# STUDY MATERIAL:

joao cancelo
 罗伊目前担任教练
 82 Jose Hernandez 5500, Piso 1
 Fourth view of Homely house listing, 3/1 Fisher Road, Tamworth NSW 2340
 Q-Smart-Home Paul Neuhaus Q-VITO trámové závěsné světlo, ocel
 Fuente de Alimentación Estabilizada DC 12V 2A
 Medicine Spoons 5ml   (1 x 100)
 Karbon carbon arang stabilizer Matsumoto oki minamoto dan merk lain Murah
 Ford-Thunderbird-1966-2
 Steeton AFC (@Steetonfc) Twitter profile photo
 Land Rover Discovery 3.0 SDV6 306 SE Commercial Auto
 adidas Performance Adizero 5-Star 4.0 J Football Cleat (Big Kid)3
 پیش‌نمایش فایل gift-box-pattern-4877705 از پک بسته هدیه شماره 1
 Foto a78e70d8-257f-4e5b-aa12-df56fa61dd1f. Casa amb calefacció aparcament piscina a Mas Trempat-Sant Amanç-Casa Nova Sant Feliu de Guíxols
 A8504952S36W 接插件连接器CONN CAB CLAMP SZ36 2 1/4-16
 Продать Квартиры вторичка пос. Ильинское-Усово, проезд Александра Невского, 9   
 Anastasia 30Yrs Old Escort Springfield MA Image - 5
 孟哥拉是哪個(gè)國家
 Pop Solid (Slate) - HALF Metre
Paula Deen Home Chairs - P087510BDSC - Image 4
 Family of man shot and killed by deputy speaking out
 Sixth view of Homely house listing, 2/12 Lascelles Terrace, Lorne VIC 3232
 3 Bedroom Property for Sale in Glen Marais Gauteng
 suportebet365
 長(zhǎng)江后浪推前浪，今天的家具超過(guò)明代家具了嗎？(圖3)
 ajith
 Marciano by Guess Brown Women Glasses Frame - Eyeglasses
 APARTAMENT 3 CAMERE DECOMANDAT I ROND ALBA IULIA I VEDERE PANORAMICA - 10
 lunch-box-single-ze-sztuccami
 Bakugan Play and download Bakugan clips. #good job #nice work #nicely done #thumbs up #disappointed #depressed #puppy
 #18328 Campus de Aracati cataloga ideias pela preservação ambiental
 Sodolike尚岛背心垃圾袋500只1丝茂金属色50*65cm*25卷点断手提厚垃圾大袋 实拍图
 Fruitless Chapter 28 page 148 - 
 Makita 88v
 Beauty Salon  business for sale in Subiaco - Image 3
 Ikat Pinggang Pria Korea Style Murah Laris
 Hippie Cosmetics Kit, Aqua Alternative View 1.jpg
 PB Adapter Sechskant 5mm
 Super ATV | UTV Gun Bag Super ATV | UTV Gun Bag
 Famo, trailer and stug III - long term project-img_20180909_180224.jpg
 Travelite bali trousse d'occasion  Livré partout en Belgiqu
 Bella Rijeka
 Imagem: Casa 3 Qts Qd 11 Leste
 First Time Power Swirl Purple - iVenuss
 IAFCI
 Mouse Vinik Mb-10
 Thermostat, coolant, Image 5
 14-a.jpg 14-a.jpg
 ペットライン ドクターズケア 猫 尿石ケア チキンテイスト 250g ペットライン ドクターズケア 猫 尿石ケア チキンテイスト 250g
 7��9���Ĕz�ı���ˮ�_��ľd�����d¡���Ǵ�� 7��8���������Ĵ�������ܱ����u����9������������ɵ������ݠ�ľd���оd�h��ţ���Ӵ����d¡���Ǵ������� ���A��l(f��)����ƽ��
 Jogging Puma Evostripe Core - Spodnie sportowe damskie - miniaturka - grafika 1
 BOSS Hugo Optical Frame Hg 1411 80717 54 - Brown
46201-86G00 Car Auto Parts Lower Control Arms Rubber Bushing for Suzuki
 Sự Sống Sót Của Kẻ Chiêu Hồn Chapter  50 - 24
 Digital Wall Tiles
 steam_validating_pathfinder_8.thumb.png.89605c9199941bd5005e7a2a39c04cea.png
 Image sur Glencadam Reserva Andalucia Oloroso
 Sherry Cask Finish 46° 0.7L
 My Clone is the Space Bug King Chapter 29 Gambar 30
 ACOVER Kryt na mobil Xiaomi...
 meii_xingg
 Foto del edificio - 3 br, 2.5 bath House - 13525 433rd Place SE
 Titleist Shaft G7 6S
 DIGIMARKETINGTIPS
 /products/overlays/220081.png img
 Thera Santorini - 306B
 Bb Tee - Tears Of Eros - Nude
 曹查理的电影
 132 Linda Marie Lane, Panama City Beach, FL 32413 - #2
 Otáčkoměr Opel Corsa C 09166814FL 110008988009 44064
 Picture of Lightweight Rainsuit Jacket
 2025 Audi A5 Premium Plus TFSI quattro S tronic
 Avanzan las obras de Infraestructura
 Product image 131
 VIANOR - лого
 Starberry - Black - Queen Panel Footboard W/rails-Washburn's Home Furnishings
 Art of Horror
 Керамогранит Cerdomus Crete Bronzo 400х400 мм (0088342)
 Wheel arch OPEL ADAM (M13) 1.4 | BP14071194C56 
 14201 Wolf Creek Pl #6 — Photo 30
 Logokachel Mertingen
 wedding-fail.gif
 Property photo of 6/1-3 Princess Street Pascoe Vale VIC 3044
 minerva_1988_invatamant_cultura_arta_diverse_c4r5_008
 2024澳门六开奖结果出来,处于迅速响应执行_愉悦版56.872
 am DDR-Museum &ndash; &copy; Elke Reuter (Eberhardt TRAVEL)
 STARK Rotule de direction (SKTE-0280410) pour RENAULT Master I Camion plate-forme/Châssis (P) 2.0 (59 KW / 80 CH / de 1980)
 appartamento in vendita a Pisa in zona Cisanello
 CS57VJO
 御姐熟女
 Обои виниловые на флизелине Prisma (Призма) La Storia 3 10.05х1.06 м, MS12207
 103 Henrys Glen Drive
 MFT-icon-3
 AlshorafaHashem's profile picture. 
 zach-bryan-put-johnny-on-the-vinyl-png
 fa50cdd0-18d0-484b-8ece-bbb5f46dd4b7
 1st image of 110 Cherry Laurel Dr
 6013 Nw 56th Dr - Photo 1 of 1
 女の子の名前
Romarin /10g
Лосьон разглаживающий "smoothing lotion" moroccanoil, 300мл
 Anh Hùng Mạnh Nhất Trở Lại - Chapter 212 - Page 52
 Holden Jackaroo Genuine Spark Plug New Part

# EXERCISE GOAL:
The lines to copy run from the start of the records above through the line holding "پیش‌نمایش فایل gift-box-pattern-4877705"; give them exactly, both ends included, and nothing else.

# WRITTEN RESPONSE:
joao cancelo
 罗伊目前担任教练
 82 Jose Hernandez 5500, Piso 1
 Fourth view of Homely house listing, 3/1 Fisher Road, Tamworth NSW 2340
 Q-Smart-Home Paul Neuhaus Q-VITO trámové závěsné světlo, ocel
 Fuente de Alimentación Estabilizada DC 12V 2A
 Medicine Spoons 5ml   (1 x 100)
 Karbon carbon arang stabilizer Matsumoto oki minamoto dan merk lain Murah
 Ford-Thunderbird-1966-2
 Steeton AFC (@Steetonfc) Twitter profile photo
 Land Rover Discovery 3.0 SDV6 306 SE Commercial Auto
 adidas Performance Adizero 5-Star 4.0 J Football Cleat (Big Kid)3
 پیش‌نمایش فایل gift-box-pattern-4877705 از پک بسته هدیه شماره 1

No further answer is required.